Many Worry China Will Corrupt Hong Kong And Harm Its Economy
HONG KONG - Before W.M. Lam visits communist cadres in the southern Chinese town near his textile factory, he slips several hundred dollars into his briefcase. When Lam meets with officials back in his native Hong Kong, he carries the same briefcase - minus the cash.
"In China, you never know whom you are going to have to pay off, but you know you will pay off somebody," said Lam, who feared reprisal if the location of his factory was identified. "In Hong Kong I don't need to pay somebody to get something done, and they would arrest me if I tried."
Experiences such as Lam's bring to the fore the single issue that most worries Hong Kong people about rejoining China. Today, Great Britain was delivering a glittering territory ranked as one of the world's least corrupt places to a poor, communist-led country that is counted among the most corrupt.

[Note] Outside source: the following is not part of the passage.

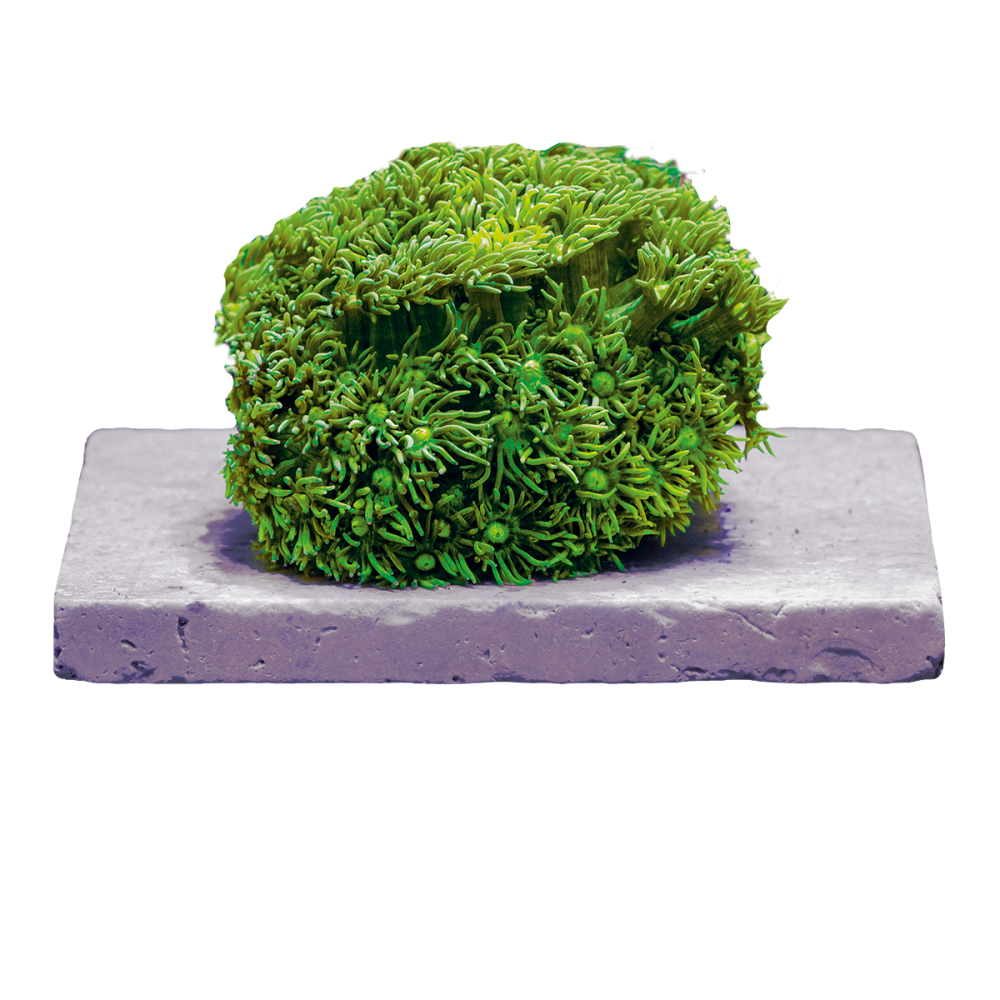 Fauna Marin Frag Tile 100x100x10mm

"Corruption heads list of fears for handover," said a recent headline in the South China Morning Post. The article cited a poll of Hong Kong Chinese, 72 percent of whom named public- and private-sector corruption as the issue causing the most unease.
That fear contrasts with high levels of overall confidence in Hong Kong's future expressed by both local Chinese and expatriate business people. More than 90 percent of the members of the British Chamber of Commerce remain optimistic, said Christopher Hammerbeck, the organization's executive director.
"But corruption is an area which we have a high level of concern about," he said.
In the public sector, corruption means public servants use their office for private gain. Corruption in the private sector includes using bribes or connections to gain an unfair advantage in the market.
The result, according to the World Bank, "hinders economic efficiency, diverts resources from the poor to the rich, increases the costs of running businesses, distorts public expenditures and deters foreign investors."
No wonder many residents directly link the territory's continued economic growth and political stability to its clean reputation. Their fears encourage doubts about Hong Kong's ability to stop corruption from seeping into agencies like the civil service and the police department, as well as businesses where foreign and Chinese companies now enjoy equal legal protection and consideration in bidding for contracts.
Already, Hong Kong investigators have uncovered collusion between mainland and Hong Kong police officers; they were found to be using gang members as go-betweens to operate drug, smuggling and gambling rings.
Such discoveries suggest the territory may prove too tempting for an array of Chinese.
Hong Kong was not always clean, however. Until the mid-1970s, eight in 10 employees in many government departments were probably corrupt, said John Heslop, an assistant director with the territory's vaunted anti-corruption commission.
After a scandal in which the British police superintendent fled Hong Kong under suspicion of corruption, the government launched a massive cleanup campaign. It raised salaries of civil servants and police to discourage bribe-taking and increased government transparency. Most important, the government created the Independent Commission Against Corruption, with far-reaching investigative powers.
By the mid-1980s the government largely had corruption under control. Last year, Hong Kong-based Political and Economic Risk Consultancy Ltd. ranked Hong Kong as the second-cleanest place in Asia for business after Singapore. It ranked China as the third-most-corrupt country behind Indonesia and India.
Back-door contacts concern business people, who fear mainland officials will use connections to manipulate deals, channeling projects and land to locals with proven loyalty to Beijing.
Eroding press freedom and self-censorship could also reduce accountability of public officials. When future chief executive Tung Chee-hwa named a property mogul to head a housing task force, newspapers raised conflict-of-interest charges. The appointee, Leung Chun-ying, resigned from directorships.
But Heslop considers the corruption worries to be unfounded. The number of corruption complaints is rising only slightly, according to ICAC statistics.
"We have everything under control," said Heslop.